A normal join execution starts up a number of parallel join execution parts that each take care of a subset of the query. This is handled by limiting each subquery to only scan a subset of the partitions on the first table. The result of the query in this is case is a union of the subqueries and can thus easily be merged back again. E.g. the first query part could take the first partition of the first joined table and join this table with the full tables of the remainder of the joined tables.

The join execution for each query part will be controlled from the node where the primary replica of the partitions used in the first table resides. This is independent of if this first table is fully replicated or not. The remainder of the reads will always go to the same node if a replica is stored on the node, otherwise it will go to the nearest replica available.

Execution of pushdown joins will often spread over all nodes to make use of all nodes and ldm threads in the cluster.

RonDB can be limited by Gigabit Ethernet very easily and even with 10G Ethernet it is fairly easy to overload the network in a dual socket server. Thus it makes a lot of sense to try to ensure that queries are executed as much as possible in the same node as the query was issued from.

Condition pushdown#

Pushdown of conditions to the RonDB data node can happen in cases where we compare with constants either for equality, greater than and so forth and ranges of the same. We can perform checks if the column is NULL or not, we can perform like conditions and we can compare string values if they are of the same collation.

This can be used both for full table scan, index scans and key lookups and it can be part of a pushdown join execution. It is a very powerful concept when it gets used.

Specialised MySQL Servers#

When configuring a cluster it is useful to have a set of specialised MySQL Servers. The first is a specialised MySQL Server for metadata operations. Most of the operations in RonDB are possible to perform as online operations such adding a column, adding nodes to the cluster, reorganising data partitions for a table, adding and dropping indexes and tables.

The MySQL Server code is not designed for truly online operations. This means that when performing an ALTER TABLE on a table, the table is read only in the MySQL Server performing the ALTER TABLE operation while the table can be both read and written in all other MySQL Servers and API nodes.

Thus it makes sense to use a specialised MySQL Server for metadata operations. For high availability it makes sense to have two of those in different machines.

The next is RonDB Replication. Normally the binlog records are generated in the MySQL Server from where the update operation was issued. This is not the case for RonDB. In RonDB the operations are executed in the data nodes and after that a change log is shipped to the MySQL Server that has defined replication to be set up.

In almost all cases it is desirable to have at least two MySQL Servers used for replication to make sure we can handle failover to another MySQL Replication server in cases of node failures.

When metadata operations are performed in a MySQL Server the binlog of those events are shipped in a special manner between the MySQL Servers. We support sharing the binlogging MySQL Server and the MySQL Server performing the metadata operation.

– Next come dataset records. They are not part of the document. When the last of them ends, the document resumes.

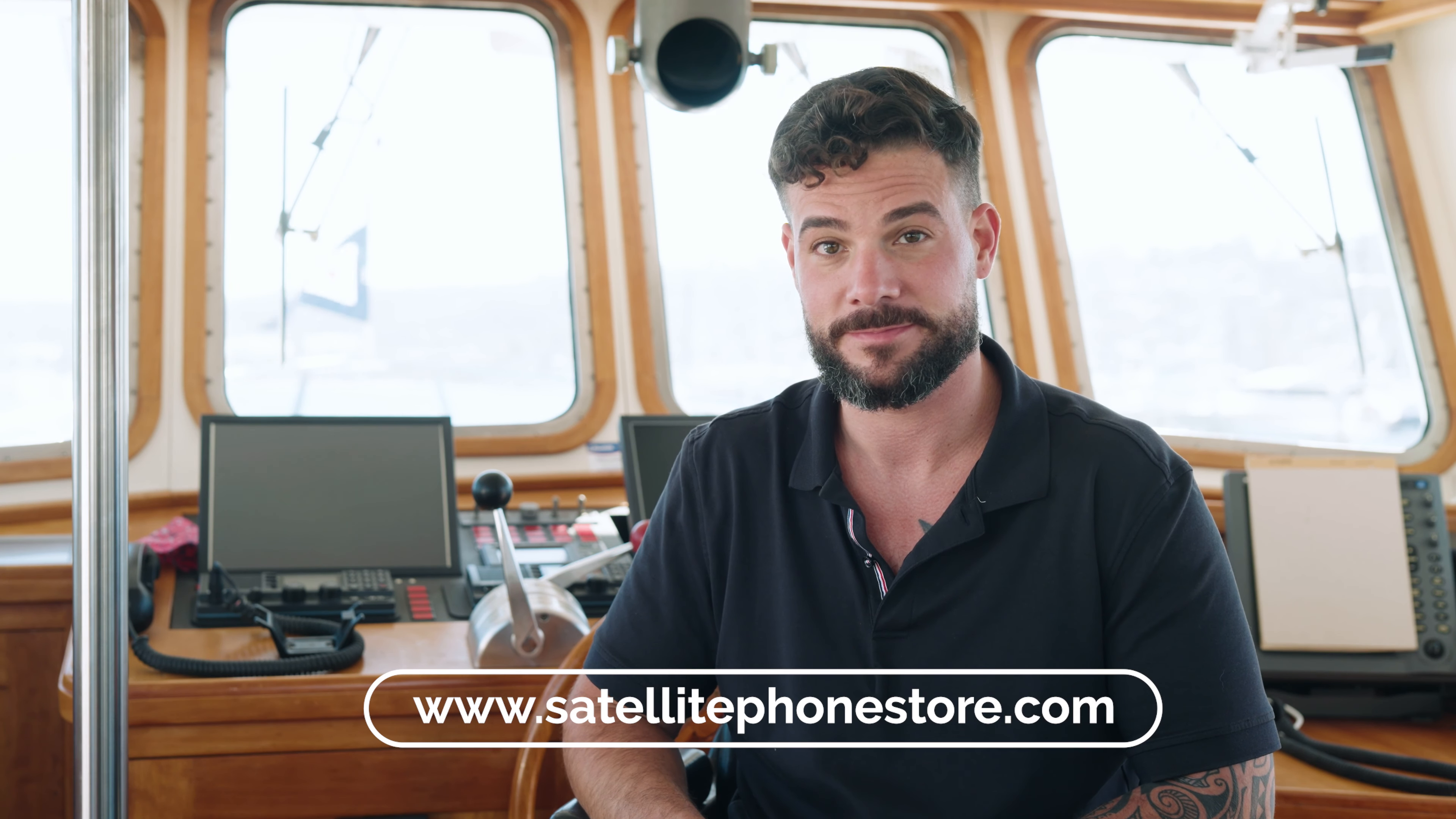Thanks for watching and I hope you found this useful. If you did, give us a big thumbs up. Also, if you're interested in more content like this, please subscribe to our channel and if you do have some more off-the-grid needs, make sure you visit SatellitePhoneStore.com.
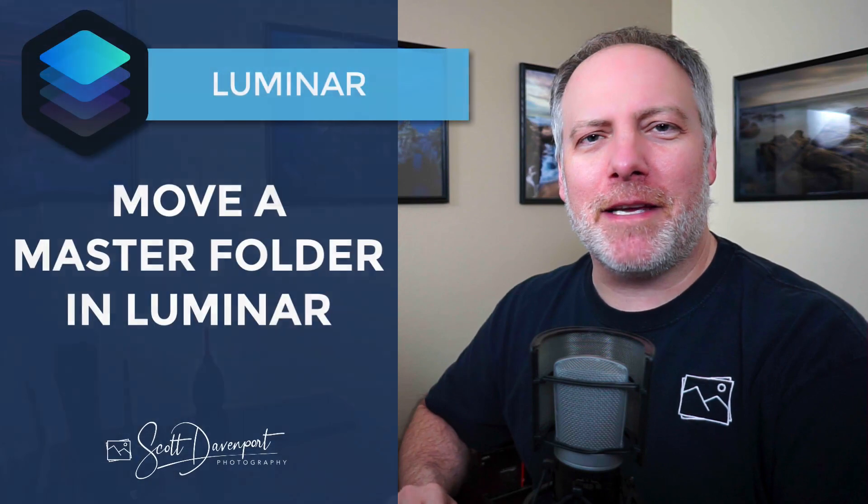Hey everybody, Scott Davenport here. On this video, we're going to talk about Luminar, but on the asset management side of things.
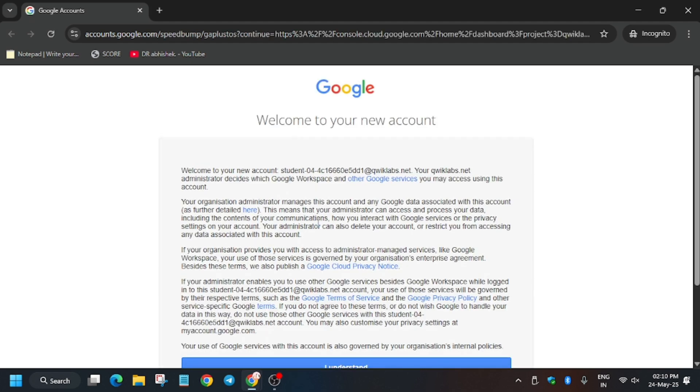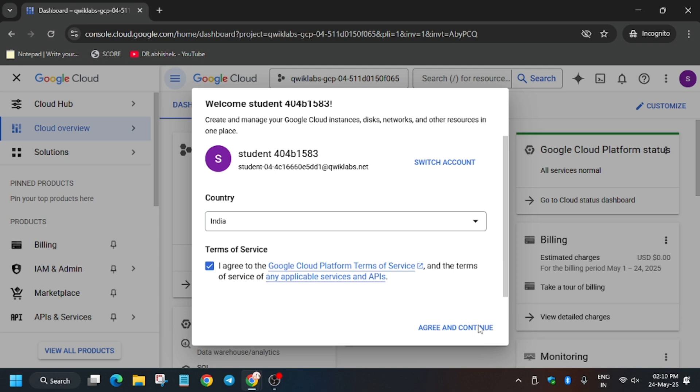In my case the credentials are being entered automatically. Sometimes you may be asked to enter the username and password, so check the lab for it. Now click on 'I understand', then click on 'I agree', and select 'Agree and continue'.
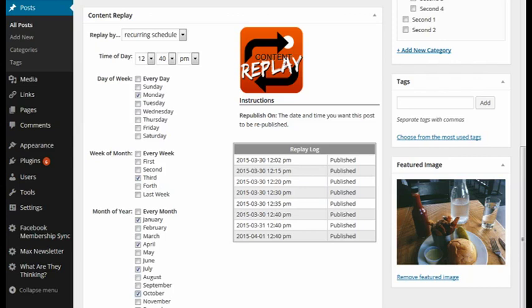And that's it. Pretty simple. There's a replay log here. You can see it keeps a log of all the dates and times that your post was published, just to keep track. You can see whether it's working and when it's actually done that reposting.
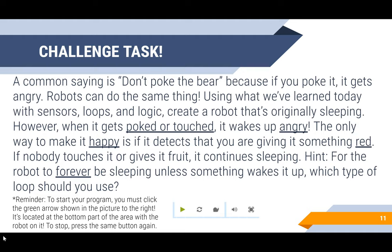Hint: for the robot to forever be sleeping unless something wakes it up, which type of loop should you use?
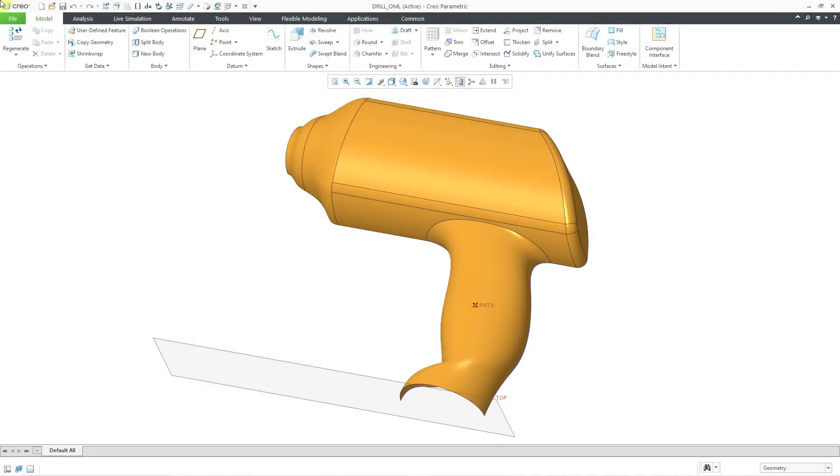In Creo Parametric, you can now create a geodesic curve using a point and an angle.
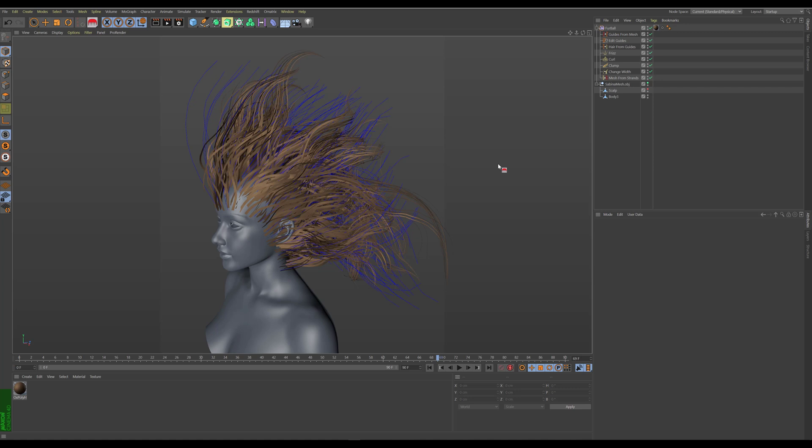Maybe you will want to do this for simplifying the operator stack, or maybe you want to avoid any future accidental changes to the hair by accidental changes of parameters and you want to solidify the changes that you've made. Ornatrix allows you to do this by baking multiple operators anywhere within the stack.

The recommended minimum configuration for RonDB is to have two data nodes on separate machines, two MySQL Servers on two different machines (could be the same as the data node machines) and two RonDB management servers, all on different machines. In addition a few API node slots should be configured to enable the various RonDB tools to also access the cluster concurrently with the MySQL Servers.

The MySQL Servers used for metadata operations and replication will use very little memory and CPU resources, it will not be any issue in having those colocated on the same machine with a MySQL Server used for normal query processing.

This type of configuration avoids many hickups that could otherwise happen in combination with meta data changes.

For bigger clusters it is not necessary to add any more specialised MySQL Servers nor any more RonDB management servers, it is enough to add new servers with data nodes and MySQL Servers used for query services.